B: We had a small house in suburban Philadelphia, and Indian people would come stay with us for days, weeks, or months. The food we ate was Indian, and both my mother and father were very deep into the ancient philosophy of India, so it could well have been an Indian household. There were challenges. The prejudice was so bad in the United States at that time that a dark person with a white person would not be served in a restaurant. My father, mother, and I would try it occasionally. We would sit there, and the food would never come. My father would ask for the manager. He would pretend to be an African American because the prejudice was against them, not Indians. He would say in a quiet voice: “I notice that we are good enough to earn money to cook the food, good enough to earn money serving the food, good enough to give our lives in the war for our country. Could you explain to me why it is that we are not good enough to pay money and eat the food?” When he spoke in a quiet voice like that, everyone in the whole restaurant would fall silent, too, and listen to it. Then he would say to my mother and me, “It is time for us to go.”
You admired him?
B: Yes. He lectured from Philadelphia to Washington, D.C., for 15 years for the Indian underground movement, describing the atrocities he had seen under British rule in India that were not unlike those in Nazi Germany.
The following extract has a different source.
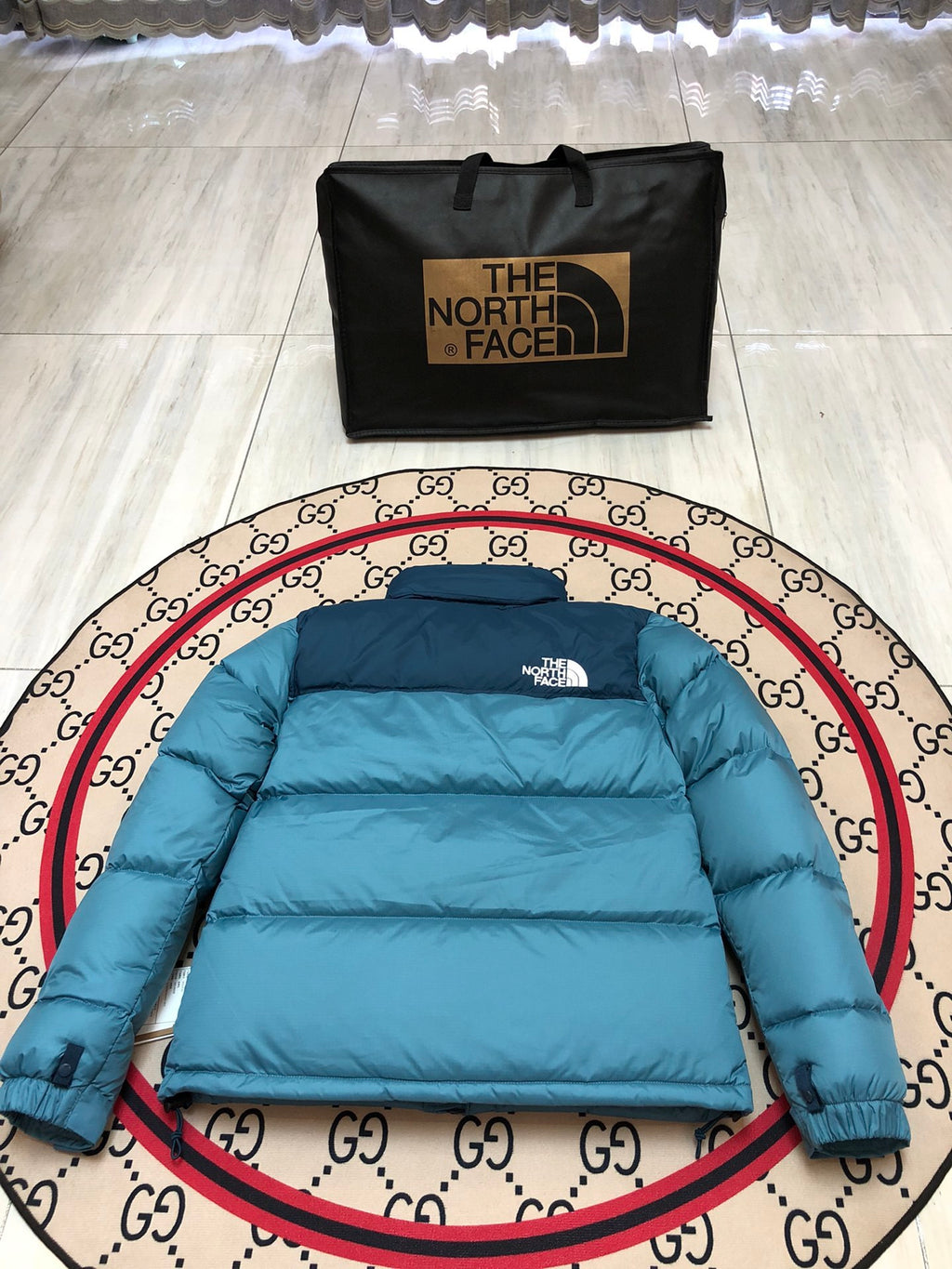 The North Face Nuptse 700 Down Jacket Teal Blue Navy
When did you get into electronics?
B: I joined the Boy Scouts when I was 12. One of the other scouts had a radio transmitter. I learned that if I correlated the parts in the transmitter with a diagram, I could learn to read schematic drawings. At 13, I realized that I could fix anything electronic. It was amazing, I could just do it. I started a business repairing radios. It grew to be one of the largest in Philadelphia.
When you went to MIT to study electrical engineering in 1947, what was your goal?
B: I really wanted to do research. That has never changed.
When did you get into acoustics and speaker design?
B: I had studied violin from age 7 to 14. I loved music, and in my ninth year at MIT, I decided to buy a hi-fi set. I figured that all I needed to do was look at the specifications. So I bought what looked like the best one, turned it on, and turned it off in five minutes, the sound was so poor. I was so curious to find out why. In the spring of 1956, I went to India to teach on a Fulbright scholarship, and I read about acoustics at night. In a concert hall, only a tiny bit of the sound comes to you directly; most of it arrives after many reflections from the surfaces of the room. Only about 2 percent of the sound is absorbed with each reflection, so there are many, many reflections. Yet people had been designing loudspeakers that only radiate forward. We did experiments with the Boston Symphony for many years where we measured the angles of incidence of sound arriving at the ears of the audience, then took the measurements back to MIT and analyzed them.
When you started your company in 1964, was your intention to do research?
B: Yes. That’s still the case. One hundred percent of our earnings are reinvested in the company, and a great deal of that goes to research.
Did you have lean times because of that commitment?
B: Sure. There were a couple of times when we were within two weeks of being nonexistent. We passed narrowly over the fire.
Couldn’t you have survived by going public?
B: Yes, but that would have destroyed everything.
You would rather have let the company die than go public?
B: Yes. There was a time when I was wondering about this business of going public, so I visited about a half-dozen companies in the Boston area, all of them formed by MIT faculty and all had gone public. Every one of those CEOs said: “If only we had known the consequences, we never would have gone public. We are spending two-thirds of our time on image building to keep the stock price up.”